Scan the material below and copy every line holding the word "color".

Exercise input section start

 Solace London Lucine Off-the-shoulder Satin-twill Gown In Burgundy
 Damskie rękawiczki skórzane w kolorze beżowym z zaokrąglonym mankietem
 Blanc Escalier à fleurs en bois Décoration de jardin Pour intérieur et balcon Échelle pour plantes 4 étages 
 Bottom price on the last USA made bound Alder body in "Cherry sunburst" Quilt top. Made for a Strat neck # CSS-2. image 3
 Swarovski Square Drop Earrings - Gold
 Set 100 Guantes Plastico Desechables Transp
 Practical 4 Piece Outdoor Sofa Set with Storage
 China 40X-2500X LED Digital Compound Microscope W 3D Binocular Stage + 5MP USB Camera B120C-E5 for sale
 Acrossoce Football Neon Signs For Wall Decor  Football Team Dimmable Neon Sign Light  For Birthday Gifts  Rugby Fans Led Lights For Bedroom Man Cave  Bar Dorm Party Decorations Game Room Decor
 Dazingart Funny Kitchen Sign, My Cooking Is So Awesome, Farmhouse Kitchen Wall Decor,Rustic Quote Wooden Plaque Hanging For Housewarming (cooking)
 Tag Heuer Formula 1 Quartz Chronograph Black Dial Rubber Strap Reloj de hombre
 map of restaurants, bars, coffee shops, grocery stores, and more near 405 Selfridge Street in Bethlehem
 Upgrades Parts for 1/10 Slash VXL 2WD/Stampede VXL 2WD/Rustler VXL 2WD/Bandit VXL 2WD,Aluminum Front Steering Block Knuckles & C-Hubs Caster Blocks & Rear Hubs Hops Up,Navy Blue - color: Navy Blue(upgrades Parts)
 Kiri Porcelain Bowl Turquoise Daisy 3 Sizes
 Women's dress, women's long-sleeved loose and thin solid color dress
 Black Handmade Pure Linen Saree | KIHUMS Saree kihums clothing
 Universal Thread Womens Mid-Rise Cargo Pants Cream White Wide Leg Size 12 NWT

Exercise input section end

Exercise result
 Upgrades Parts for 1/10 Slash VXL 2WD/Stampede VXL 2WD/Rustler VXL 2WD/Bandit VXL 2WD,Aluminum Front Steering Block Knuckles & C-Hubs Caster Blocks & Rear Hubs Hops Up,Navy Blue - color: Navy Blue(upgrades Parts)
 Women's dress, women's long-sleeved loose and thin solid color dress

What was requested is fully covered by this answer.